In conclusione, l’unica lotta possibile avviene a livello letterario: egli modifica il contenuto della sua arte portando al centro la Calabria fisica, lontano da qualsiasi presa di posizione. Il rapporto di amore-odio col suo Sud fu al centro del dibattito culturale del ‘900; la sua solitudine e il suo dramma cittadino però non lasciano dubbi: l’odio per la chiusura mentale calabrese, per la società corrotta e per l’invidia paesana soccombe dinanzi alla nostalgia per il paese, all’orgoglio di appartenere a quell’unicità, al profondo e sofferto amore per la terra che ispirò ad Alvaro la stesura, di getto, di un capolavoro di calabresità quale Gente in Aspromonte.
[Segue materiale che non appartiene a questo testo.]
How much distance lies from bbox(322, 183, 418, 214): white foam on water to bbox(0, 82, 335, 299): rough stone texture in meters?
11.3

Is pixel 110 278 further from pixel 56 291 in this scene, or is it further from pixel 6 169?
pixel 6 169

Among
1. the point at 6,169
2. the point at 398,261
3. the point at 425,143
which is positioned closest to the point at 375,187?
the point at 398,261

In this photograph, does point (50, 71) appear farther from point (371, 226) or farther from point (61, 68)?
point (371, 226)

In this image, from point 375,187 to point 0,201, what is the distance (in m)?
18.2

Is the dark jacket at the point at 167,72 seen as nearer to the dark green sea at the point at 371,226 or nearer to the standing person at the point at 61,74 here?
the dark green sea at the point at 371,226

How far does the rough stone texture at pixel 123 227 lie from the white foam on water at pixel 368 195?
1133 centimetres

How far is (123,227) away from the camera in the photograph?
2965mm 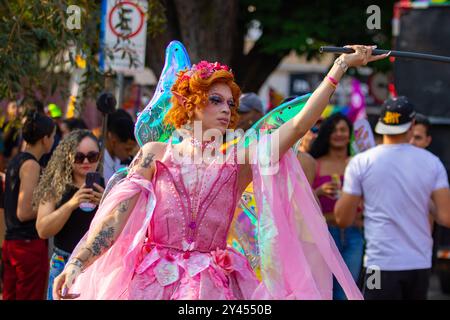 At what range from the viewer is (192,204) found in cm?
478

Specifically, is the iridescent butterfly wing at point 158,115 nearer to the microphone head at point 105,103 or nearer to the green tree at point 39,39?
the microphone head at point 105,103

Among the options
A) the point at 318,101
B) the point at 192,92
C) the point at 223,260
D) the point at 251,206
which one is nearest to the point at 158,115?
the point at 192,92

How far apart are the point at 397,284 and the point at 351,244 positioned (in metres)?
1.03

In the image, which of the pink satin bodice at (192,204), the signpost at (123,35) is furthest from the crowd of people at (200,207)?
the signpost at (123,35)

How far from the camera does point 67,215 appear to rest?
6.52 m

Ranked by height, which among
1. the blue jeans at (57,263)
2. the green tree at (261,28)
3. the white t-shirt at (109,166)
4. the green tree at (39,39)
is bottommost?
the blue jeans at (57,263)

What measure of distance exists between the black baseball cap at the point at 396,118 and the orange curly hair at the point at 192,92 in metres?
2.45

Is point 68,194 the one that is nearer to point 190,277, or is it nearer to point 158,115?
point 158,115

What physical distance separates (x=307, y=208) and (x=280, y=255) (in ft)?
0.84

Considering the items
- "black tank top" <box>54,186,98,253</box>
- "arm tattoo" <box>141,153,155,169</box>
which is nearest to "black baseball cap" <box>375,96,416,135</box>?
"black tank top" <box>54,186,98,253</box>

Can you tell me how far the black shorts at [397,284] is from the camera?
704cm

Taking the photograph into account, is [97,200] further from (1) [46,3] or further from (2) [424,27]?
(2) [424,27]

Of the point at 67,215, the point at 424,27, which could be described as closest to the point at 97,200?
the point at 67,215

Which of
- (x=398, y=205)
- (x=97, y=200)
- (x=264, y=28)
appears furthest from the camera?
(x=264, y=28) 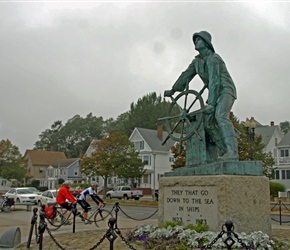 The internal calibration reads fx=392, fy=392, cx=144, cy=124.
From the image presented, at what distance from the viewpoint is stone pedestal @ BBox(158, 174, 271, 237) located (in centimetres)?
771

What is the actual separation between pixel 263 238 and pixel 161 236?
77.0 inches

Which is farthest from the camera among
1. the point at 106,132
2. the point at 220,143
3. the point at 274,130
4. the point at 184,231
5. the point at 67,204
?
the point at 106,132

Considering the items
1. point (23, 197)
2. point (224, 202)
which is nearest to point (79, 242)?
point (224, 202)

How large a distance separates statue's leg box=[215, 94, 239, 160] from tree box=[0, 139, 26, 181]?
51.6 meters

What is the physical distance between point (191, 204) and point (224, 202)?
88 cm

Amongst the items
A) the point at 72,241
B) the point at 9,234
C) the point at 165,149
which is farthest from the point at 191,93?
the point at 165,149

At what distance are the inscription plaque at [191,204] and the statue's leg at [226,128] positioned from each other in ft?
2.91

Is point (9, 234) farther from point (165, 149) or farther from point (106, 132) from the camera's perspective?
point (106, 132)

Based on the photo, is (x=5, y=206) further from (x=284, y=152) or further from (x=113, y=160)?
(x=284, y=152)

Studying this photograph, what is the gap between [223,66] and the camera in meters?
9.01

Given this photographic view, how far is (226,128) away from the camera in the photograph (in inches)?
335

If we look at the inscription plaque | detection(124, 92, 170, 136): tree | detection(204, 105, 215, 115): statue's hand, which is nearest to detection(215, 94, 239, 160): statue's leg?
detection(204, 105, 215, 115): statue's hand

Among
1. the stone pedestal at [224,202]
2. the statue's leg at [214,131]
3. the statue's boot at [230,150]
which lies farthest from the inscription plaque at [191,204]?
the statue's leg at [214,131]

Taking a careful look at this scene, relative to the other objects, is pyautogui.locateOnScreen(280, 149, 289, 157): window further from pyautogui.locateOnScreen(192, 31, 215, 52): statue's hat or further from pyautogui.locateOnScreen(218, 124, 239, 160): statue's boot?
pyautogui.locateOnScreen(218, 124, 239, 160): statue's boot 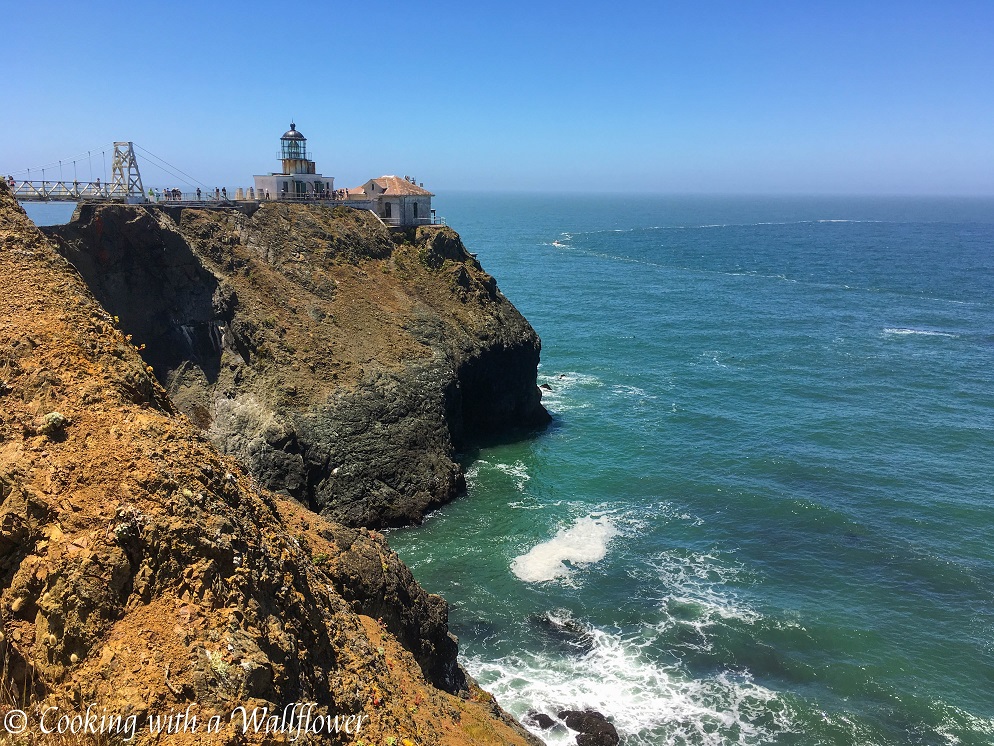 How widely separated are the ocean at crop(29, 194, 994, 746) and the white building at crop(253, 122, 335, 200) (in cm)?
2762

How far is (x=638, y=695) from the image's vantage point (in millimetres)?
30719

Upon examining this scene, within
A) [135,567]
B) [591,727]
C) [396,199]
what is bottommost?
[591,727]

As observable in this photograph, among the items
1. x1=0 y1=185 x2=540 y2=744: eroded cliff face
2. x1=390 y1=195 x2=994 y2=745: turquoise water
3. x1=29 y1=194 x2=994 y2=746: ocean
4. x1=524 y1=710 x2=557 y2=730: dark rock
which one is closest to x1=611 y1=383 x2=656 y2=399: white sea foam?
x1=390 y1=195 x2=994 y2=745: turquoise water

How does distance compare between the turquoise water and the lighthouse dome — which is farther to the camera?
the lighthouse dome

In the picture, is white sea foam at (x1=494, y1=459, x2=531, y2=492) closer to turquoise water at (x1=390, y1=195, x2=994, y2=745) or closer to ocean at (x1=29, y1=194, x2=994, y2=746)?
turquoise water at (x1=390, y1=195, x2=994, y2=745)

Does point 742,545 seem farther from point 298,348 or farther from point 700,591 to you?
point 298,348

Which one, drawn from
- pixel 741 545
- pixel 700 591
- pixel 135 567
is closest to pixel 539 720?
pixel 700 591

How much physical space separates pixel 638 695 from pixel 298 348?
1202 inches

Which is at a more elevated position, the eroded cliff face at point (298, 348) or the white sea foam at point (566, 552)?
the eroded cliff face at point (298, 348)

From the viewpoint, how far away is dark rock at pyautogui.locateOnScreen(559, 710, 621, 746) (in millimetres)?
28266

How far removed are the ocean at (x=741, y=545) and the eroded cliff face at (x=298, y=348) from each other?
4504 millimetres

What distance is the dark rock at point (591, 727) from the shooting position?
28.3 meters

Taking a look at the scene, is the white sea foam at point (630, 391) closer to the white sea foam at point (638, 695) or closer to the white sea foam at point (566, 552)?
the white sea foam at point (566, 552)

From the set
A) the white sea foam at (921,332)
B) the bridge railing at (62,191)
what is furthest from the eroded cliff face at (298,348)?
the white sea foam at (921,332) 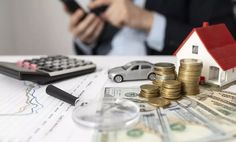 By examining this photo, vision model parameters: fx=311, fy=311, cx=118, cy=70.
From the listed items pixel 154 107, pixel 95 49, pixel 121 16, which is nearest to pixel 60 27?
pixel 95 49

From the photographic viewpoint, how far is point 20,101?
1.36ft

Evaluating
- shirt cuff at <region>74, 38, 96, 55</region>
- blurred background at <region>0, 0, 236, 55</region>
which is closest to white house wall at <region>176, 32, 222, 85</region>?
shirt cuff at <region>74, 38, 96, 55</region>

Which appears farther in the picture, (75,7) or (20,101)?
(75,7)

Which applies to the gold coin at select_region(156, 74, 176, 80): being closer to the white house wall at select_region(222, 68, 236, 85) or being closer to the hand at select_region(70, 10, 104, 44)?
the white house wall at select_region(222, 68, 236, 85)

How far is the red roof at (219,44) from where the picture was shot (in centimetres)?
44

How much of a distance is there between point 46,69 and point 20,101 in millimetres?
101

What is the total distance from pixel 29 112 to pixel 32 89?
98mm

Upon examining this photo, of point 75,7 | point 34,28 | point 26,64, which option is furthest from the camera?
point 34,28

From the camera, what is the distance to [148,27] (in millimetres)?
860

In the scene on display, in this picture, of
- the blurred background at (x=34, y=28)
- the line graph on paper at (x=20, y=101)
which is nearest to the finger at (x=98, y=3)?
the line graph on paper at (x=20, y=101)

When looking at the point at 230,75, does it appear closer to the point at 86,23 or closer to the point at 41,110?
the point at 41,110

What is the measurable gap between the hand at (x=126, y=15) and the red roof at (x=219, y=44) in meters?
0.38

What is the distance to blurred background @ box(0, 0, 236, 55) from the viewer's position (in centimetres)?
139

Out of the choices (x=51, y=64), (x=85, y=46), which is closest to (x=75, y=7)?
(x=85, y=46) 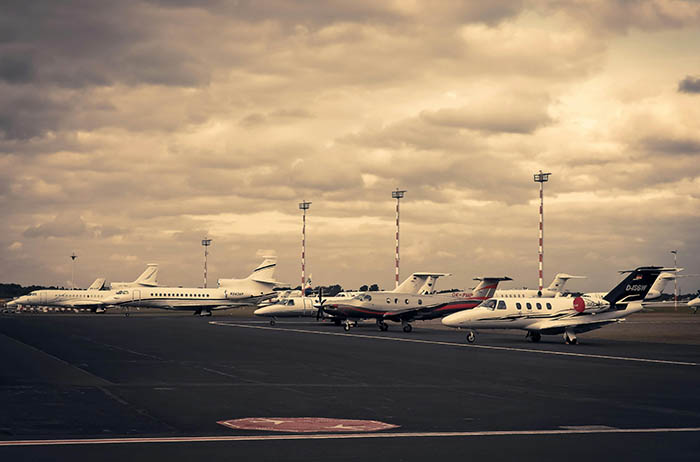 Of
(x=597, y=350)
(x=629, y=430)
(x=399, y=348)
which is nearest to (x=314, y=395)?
(x=629, y=430)

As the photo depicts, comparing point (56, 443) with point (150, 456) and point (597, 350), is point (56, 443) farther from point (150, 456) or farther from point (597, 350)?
point (597, 350)

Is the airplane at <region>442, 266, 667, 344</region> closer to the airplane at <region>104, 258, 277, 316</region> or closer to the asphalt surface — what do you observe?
the asphalt surface

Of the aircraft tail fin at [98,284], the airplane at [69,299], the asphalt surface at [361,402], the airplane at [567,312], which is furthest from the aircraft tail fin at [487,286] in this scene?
the aircraft tail fin at [98,284]

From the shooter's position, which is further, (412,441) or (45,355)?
(45,355)

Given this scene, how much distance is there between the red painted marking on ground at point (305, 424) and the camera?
44.7 ft

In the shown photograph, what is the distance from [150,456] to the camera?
10898 mm

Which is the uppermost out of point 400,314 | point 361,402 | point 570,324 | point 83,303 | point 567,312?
point 83,303

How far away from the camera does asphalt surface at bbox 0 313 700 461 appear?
38.5 feet

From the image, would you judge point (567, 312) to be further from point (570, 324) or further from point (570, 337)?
point (570, 337)

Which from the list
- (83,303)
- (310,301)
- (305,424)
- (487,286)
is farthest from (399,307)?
(83,303)

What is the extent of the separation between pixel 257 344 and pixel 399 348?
737cm

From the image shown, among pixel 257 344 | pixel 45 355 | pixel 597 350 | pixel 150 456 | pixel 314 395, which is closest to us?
pixel 150 456

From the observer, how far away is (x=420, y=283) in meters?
72.6

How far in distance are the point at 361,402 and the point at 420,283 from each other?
5526cm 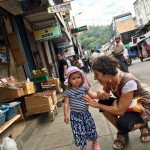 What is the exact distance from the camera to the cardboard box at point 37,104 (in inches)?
328

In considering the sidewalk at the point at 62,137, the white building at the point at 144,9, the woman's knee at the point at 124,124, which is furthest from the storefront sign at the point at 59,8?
the white building at the point at 144,9

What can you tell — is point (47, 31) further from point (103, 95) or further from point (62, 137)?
point (103, 95)

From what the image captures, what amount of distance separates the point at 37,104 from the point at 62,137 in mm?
2085

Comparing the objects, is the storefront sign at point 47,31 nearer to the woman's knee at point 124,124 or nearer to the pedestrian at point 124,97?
the pedestrian at point 124,97

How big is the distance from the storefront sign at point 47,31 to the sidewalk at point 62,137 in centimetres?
607

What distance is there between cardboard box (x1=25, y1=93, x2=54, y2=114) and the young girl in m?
3.35

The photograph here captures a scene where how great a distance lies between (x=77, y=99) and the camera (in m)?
4.98

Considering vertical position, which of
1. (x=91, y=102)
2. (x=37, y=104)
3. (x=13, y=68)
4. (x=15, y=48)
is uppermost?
(x=15, y=48)

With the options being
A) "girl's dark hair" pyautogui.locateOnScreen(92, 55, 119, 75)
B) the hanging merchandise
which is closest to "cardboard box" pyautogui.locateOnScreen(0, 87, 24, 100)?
the hanging merchandise

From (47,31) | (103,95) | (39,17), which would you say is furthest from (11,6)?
(103,95)

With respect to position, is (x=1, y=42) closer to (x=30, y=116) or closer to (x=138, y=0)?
(x=30, y=116)

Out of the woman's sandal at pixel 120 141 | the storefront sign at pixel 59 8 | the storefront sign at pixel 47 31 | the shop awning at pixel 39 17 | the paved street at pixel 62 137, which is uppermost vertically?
the shop awning at pixel 39 17

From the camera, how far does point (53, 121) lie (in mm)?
8328

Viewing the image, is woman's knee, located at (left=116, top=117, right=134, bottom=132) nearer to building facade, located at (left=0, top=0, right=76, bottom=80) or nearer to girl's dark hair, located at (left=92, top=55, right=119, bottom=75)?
girl's dark hair, located at (left=92, top=55, right=119, bottom=75) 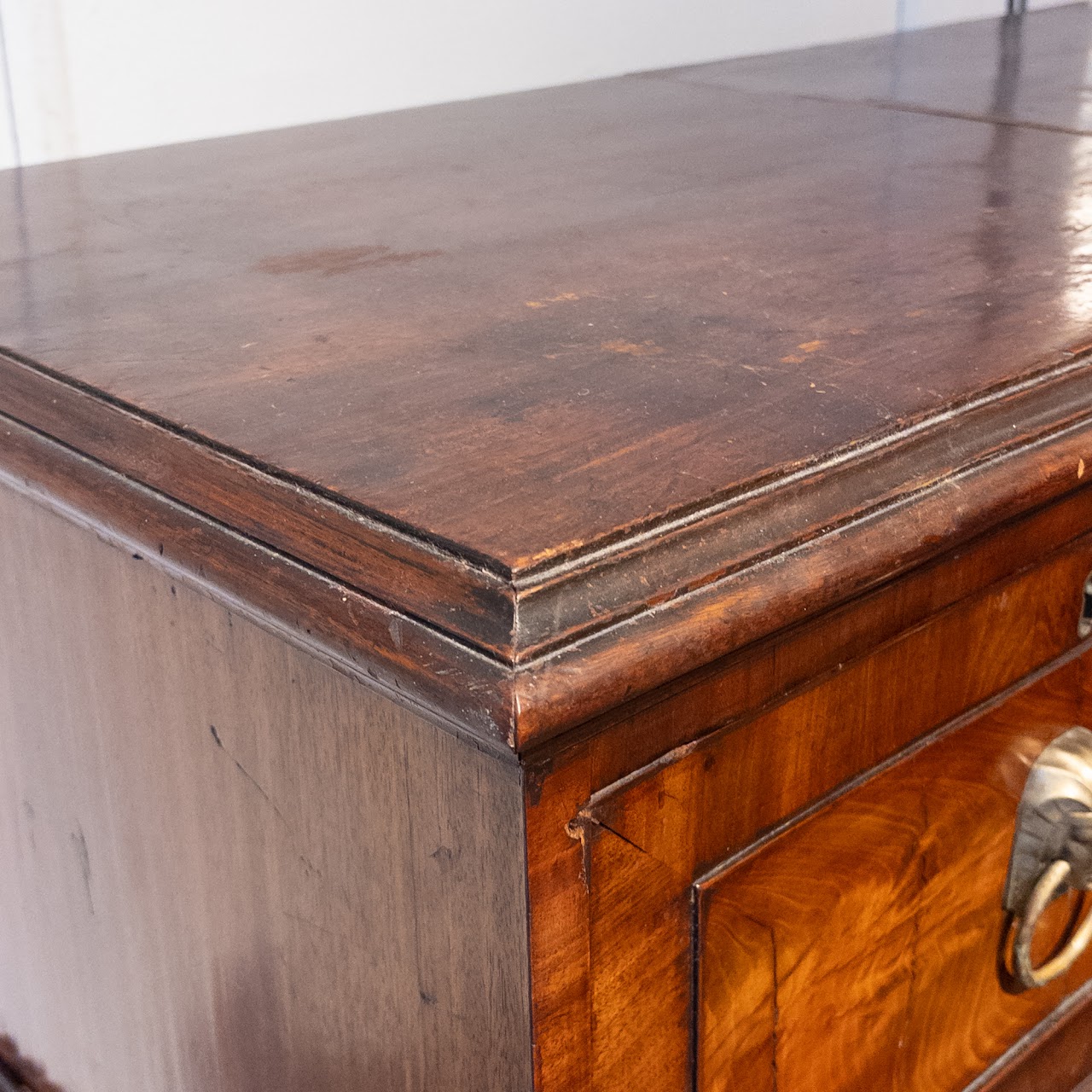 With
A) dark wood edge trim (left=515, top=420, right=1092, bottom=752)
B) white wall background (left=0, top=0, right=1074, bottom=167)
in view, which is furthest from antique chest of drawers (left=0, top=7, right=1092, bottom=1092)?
white wall background (left=0, top=0, right=1074, bottom=167)

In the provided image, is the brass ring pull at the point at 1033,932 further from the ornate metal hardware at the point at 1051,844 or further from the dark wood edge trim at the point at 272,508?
the dark wood edge trim at the point at 272,508

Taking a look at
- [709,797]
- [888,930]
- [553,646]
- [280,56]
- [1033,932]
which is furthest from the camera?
[280,56]

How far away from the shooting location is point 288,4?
1138 millimetres

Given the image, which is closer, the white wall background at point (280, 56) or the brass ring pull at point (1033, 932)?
the brass ring pull at point (1033, 932)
Concludendo, riferendosi al distacco che si percepisce quando subentra la storia,

Si sbaglierebbe, tuttavia, se si considerasse un puro dato sincronico, invariante nell’opera alvariana, tanto rigore ideologico, o, peggio ancora, se lo si assumesse come unico e coerente vettore tematico di Gente in Aspromonte: esso va considerato come una labile e precaria conquista dello scrittore calabrese, non tanto radicale, comunque da soppiantare ogni altra

sentimentale posizione in merito alla fascinazione, su di lui esercitata da quel «mondo

primitivo». E basterebbe soffermarsi sulla amorevole sollecitudine con cui, nel recitativo iniziale del racconto, l’intellettuale inurbato rievoca, variegandolo di forti cromature espressionistiche, il paesaggio della montagna calabrese, per rendersi conto dell’ambiguo (ma avvolgente e ineludibile) legame umbelicale dello scrittore con la sua terra […]. (Rando, 1984, p. 737)

la natura, quasi prepotentemente, appare ovunque nei racconti, la storia di un personaggio si frammenta in tante situazioni minori che affievoliscono la trama a vantaggio dell’immane contemplazione paesaggistica; l’espressione si fa più primitiva, le immagini più violente: la natura, insomma, conquista il testo.